Some CEOs will go to great lengths to motivate their workers.

Take Mike Green, who jumped out of a plane at 14,500 feet to honor a bet he made with his team of software engineers. Green, president and CEO of InPower, a San Francisco maker of client-server human resources software, went skydiving on May 10 to deliver on a promise he made to his development team.

Green agreed to make the jump if developers delivered the InPower Pay 2.0 payroll application on time at the end of last year.

Green says he's really glad the developers met their deadline. 'Otherwise, I would have had to jump without a parachute!' he joked.


Hands-Off Operations

Virtual servers Inc. wants to free companies from the hassle and cost of owning their own network application servers. The service provider offers virtual World Wide Web, file transfer protocol, post office protocol, and other E-mail application services.

For $150-a-month you get 75 Mbytes of server space.

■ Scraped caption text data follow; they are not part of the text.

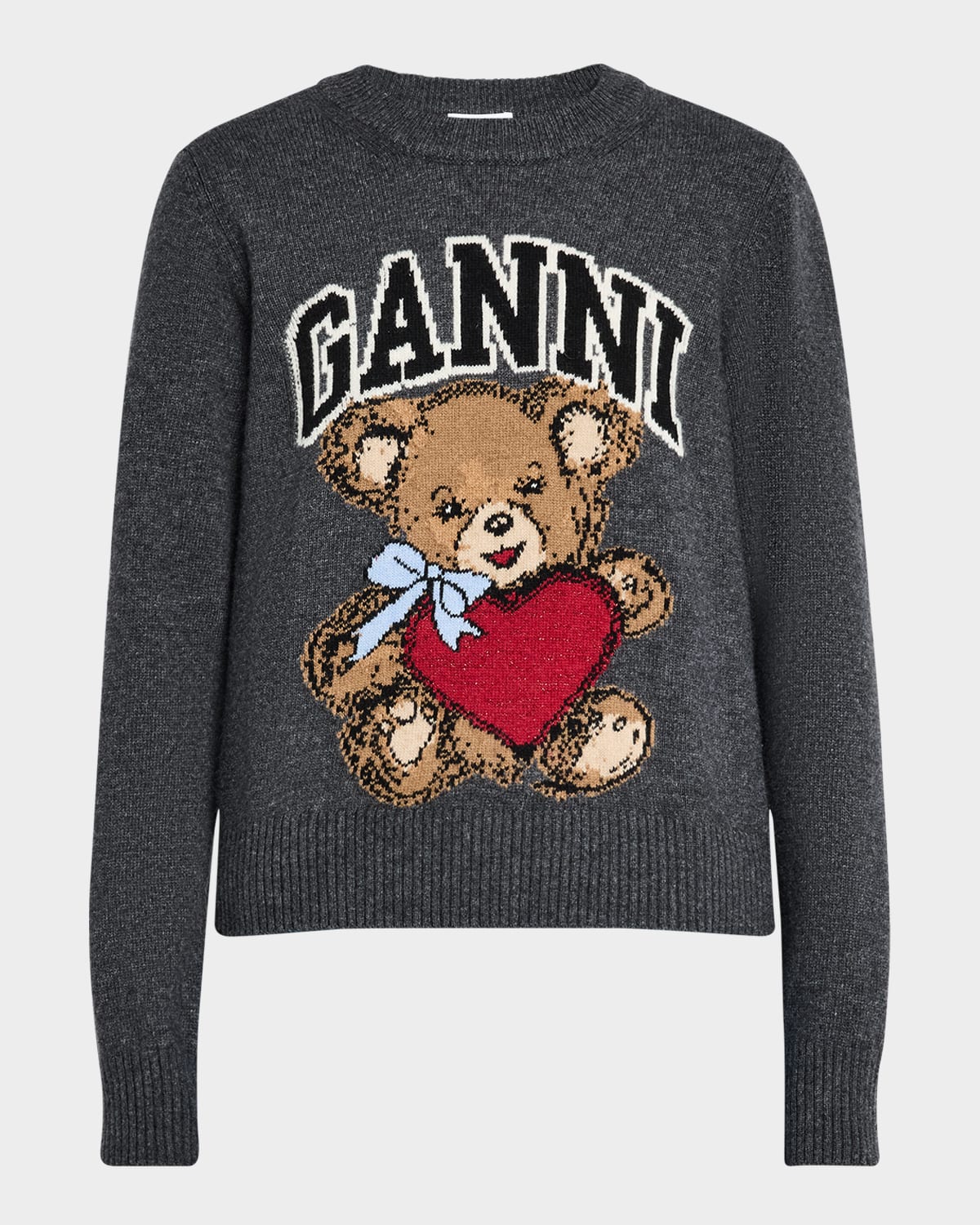 Wool Graphic Bear Crewneck Sweater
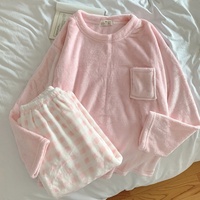 Vente flash - Ensemble de pyjamas d'hiver pour femmes - 2 pièces - Pyjama chaud et doux en flanelle - Vêtements de nuit pour femmes - Velours corail - Dessins animés - Pour filles - Combinaison de nuit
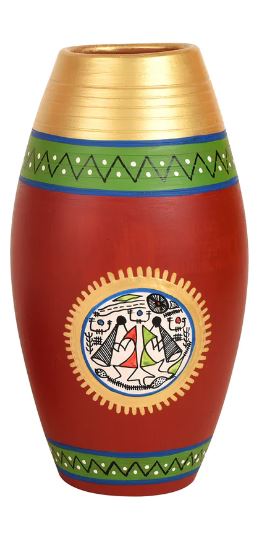 Warli Series Classy Signature Style Pots In Dashing Red Hand Painted By Tamrapatra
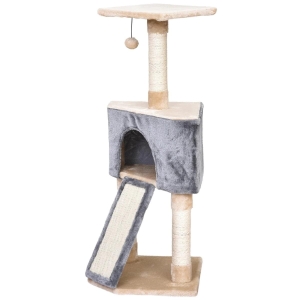 PawHut Árvore Raspador para Gatos Caverna Brinquedo Suspenso e Rampa 40x40x98 cm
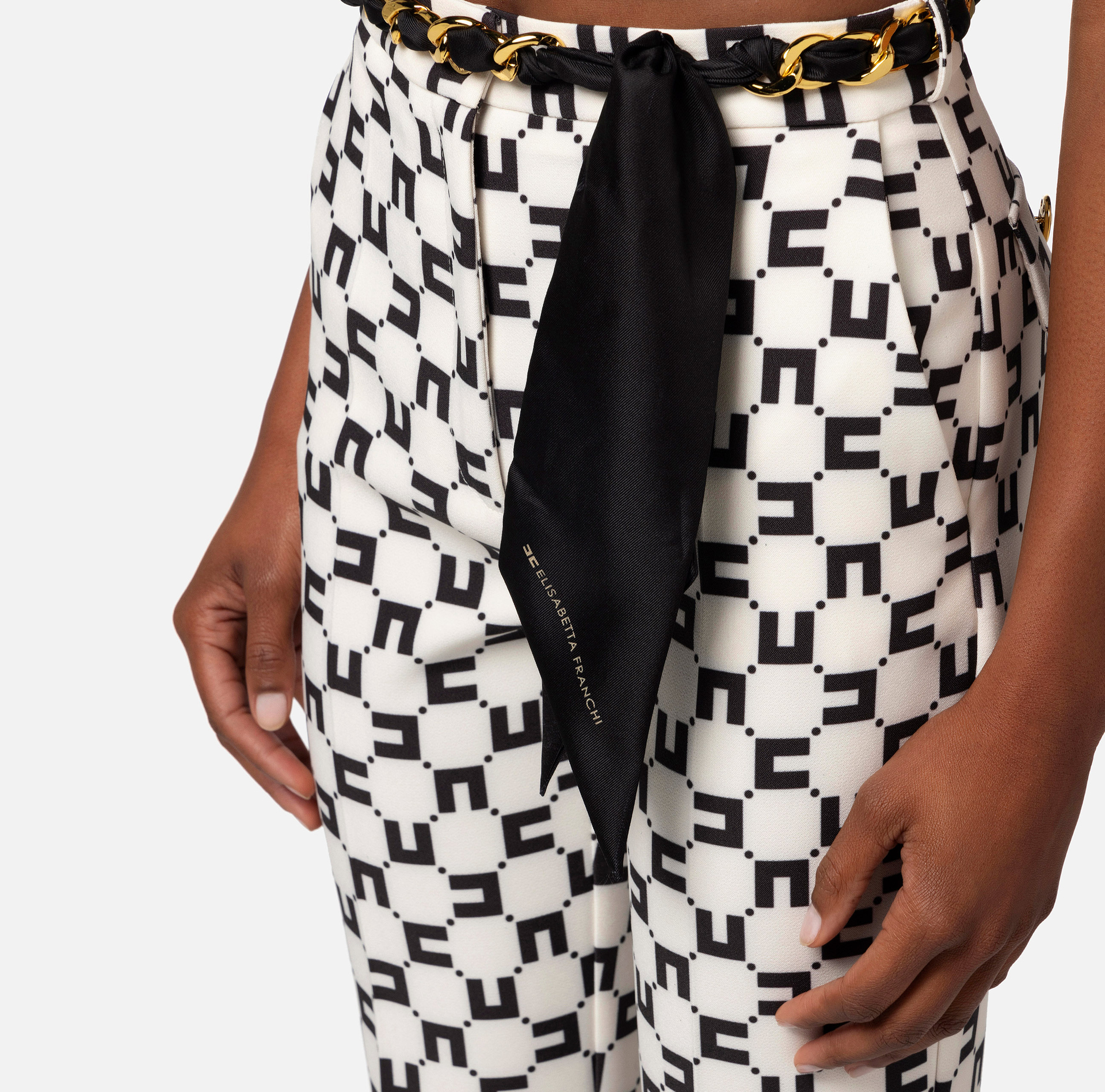 Boot-cut trousers in stretch crêpe with logo print and foulard scarf belt - Elisabetta Franchi® Outlet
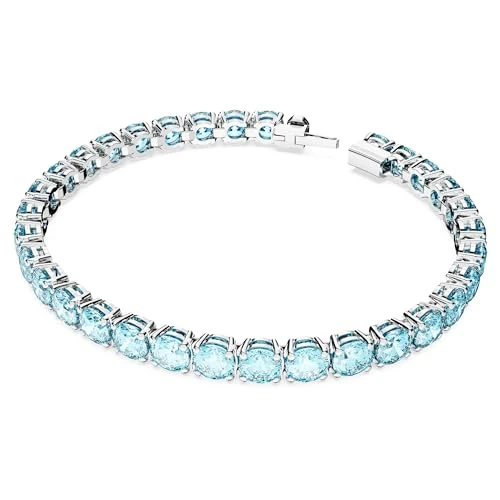Offerta a tempo: Swarovski Braccialetto Matrix Tennis, Taglio Round, Blu, Placcato rodio - 26% da 230.00 € a 170.49 €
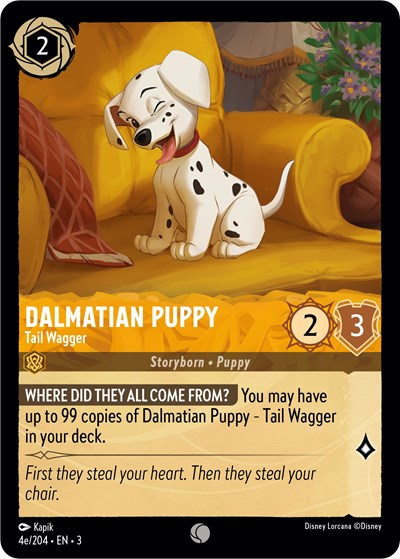 Lorcana - Into The Inklands - 04e/204 Dalmatian Puppy - Tail Wagger (4e/204) Common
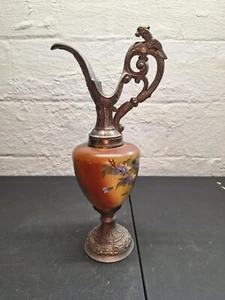 Antique Vintage Ornamental Hand Painted Porcelain Floral Ewer Pitcher/Vase/Urn - Picture 1 of 10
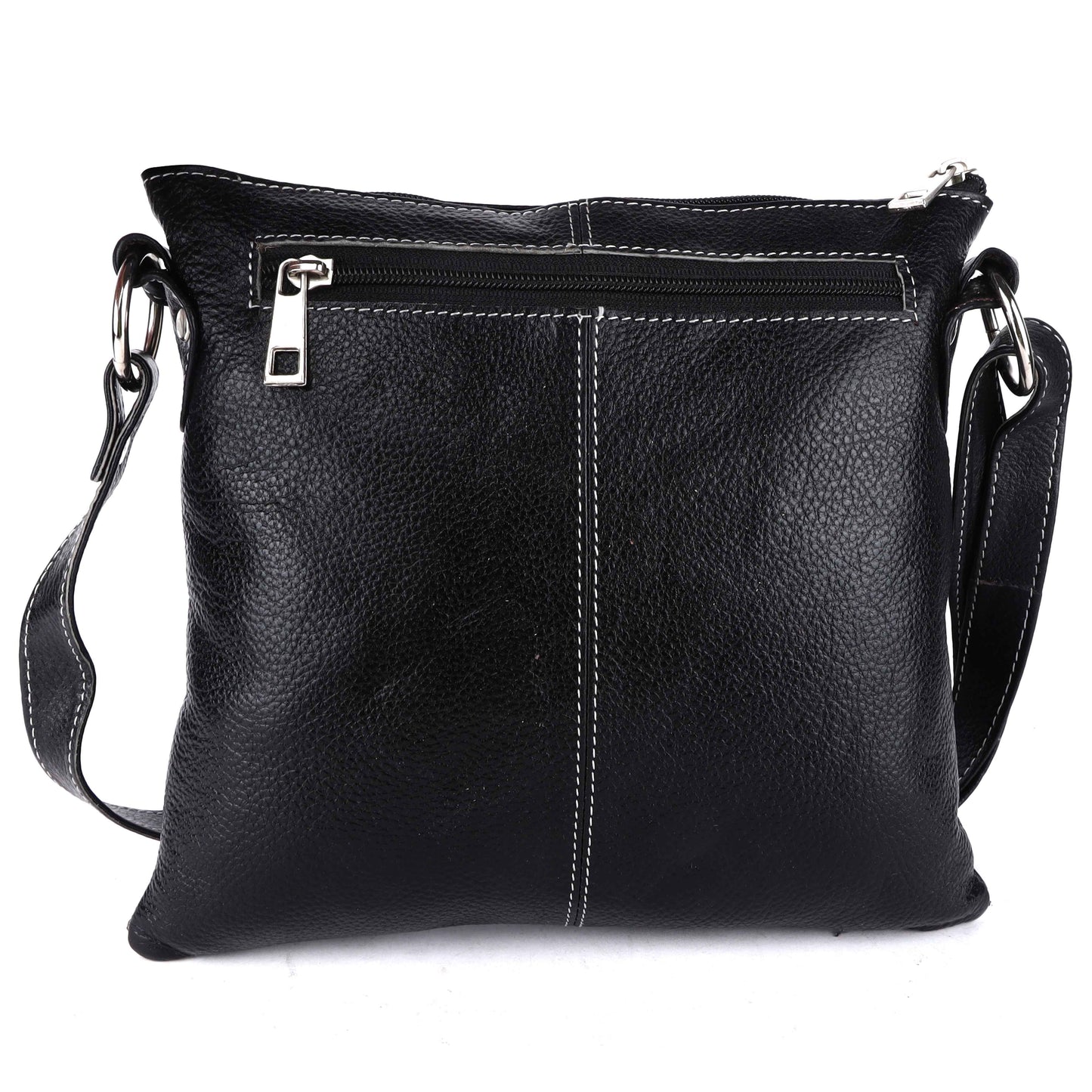 Livinwise Genuine Black Leather Crossbody Messenger Bag with White Stitching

Customers maintain control over their applications, with access to usage log files and other administrative utilities.

Virtual Servers was founded by Steve Jenkins and Jeremy Young, and is based in Provo, Utah.

A Web site is under construction at http://www.vservers.com/



Sure, Now He Tells Us

All the reengineering, technology development, and outsourcing of the past few years may have cut, instead of beefed up, America's corporate muscle, says Stephen Roach, a Morgan Stanley economist. Roach once saw those trends as big contributors to a productivity-led economic recovery.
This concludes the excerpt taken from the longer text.